> Your instructions
Output, exactly as written, the lines below from the one that has "乡镇在全区基层人大工作会议上的发言.docx" through the one that has "Biele netradičné módne"; nothing else, and no pictures.

> Supplied data
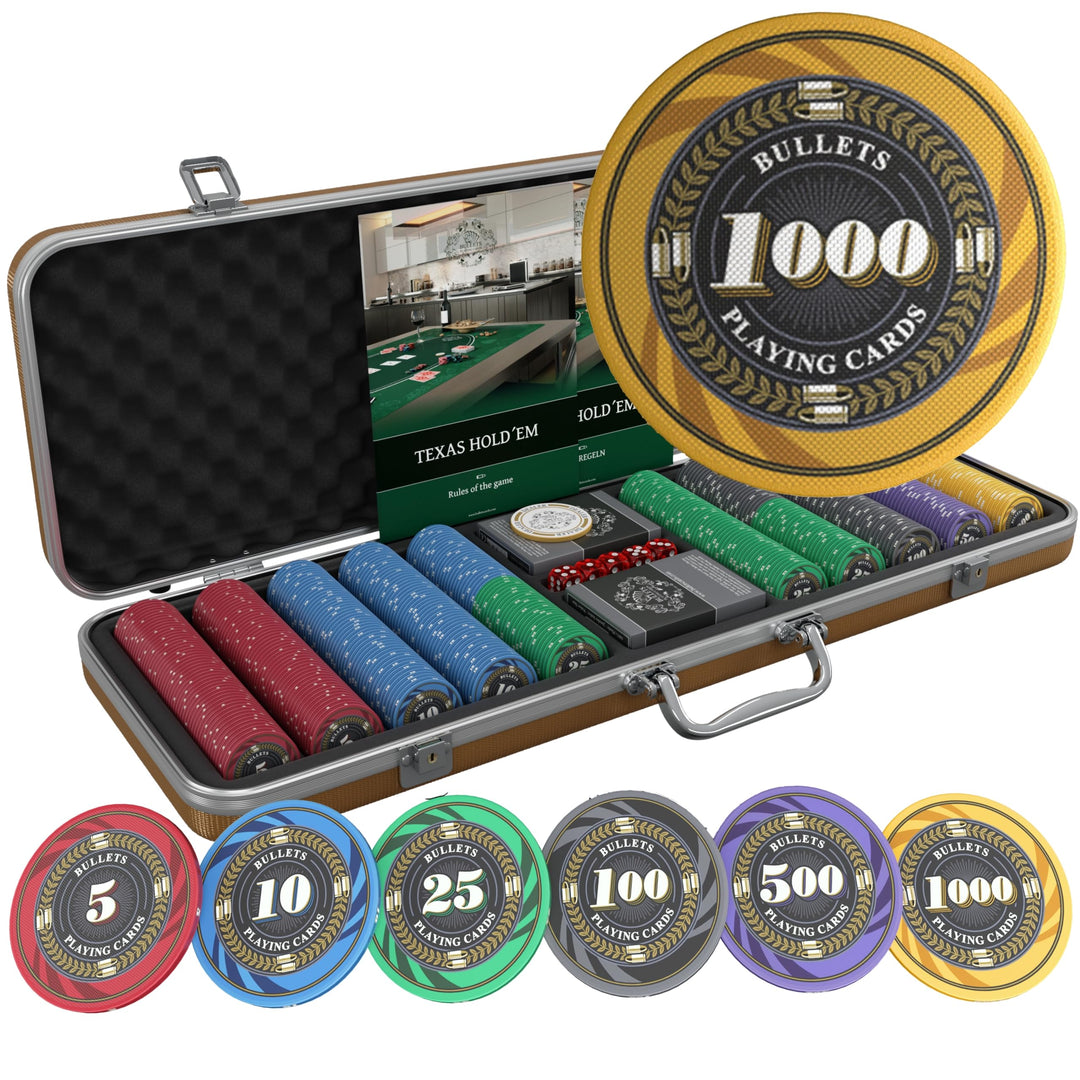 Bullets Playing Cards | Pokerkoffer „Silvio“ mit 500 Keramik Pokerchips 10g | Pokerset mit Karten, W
...
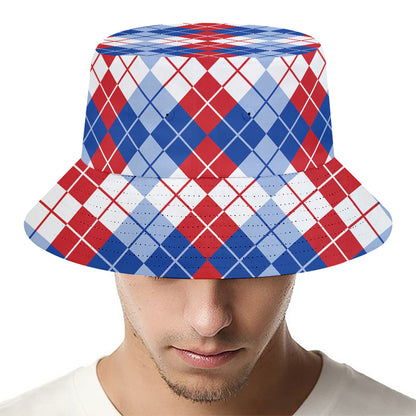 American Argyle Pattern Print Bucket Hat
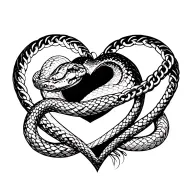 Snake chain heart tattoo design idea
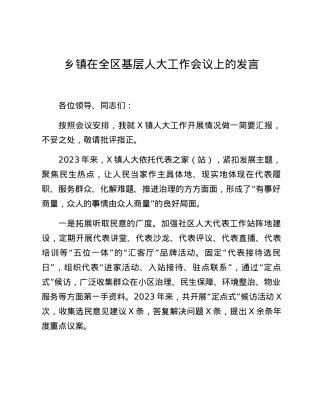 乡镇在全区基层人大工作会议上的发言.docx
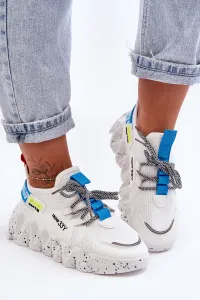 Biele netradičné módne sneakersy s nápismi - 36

> Solution for this task
 乡镇在全区基层人大工作会议上的发言.docx
 Biele netradičné módne sneakersy s nápismi - 36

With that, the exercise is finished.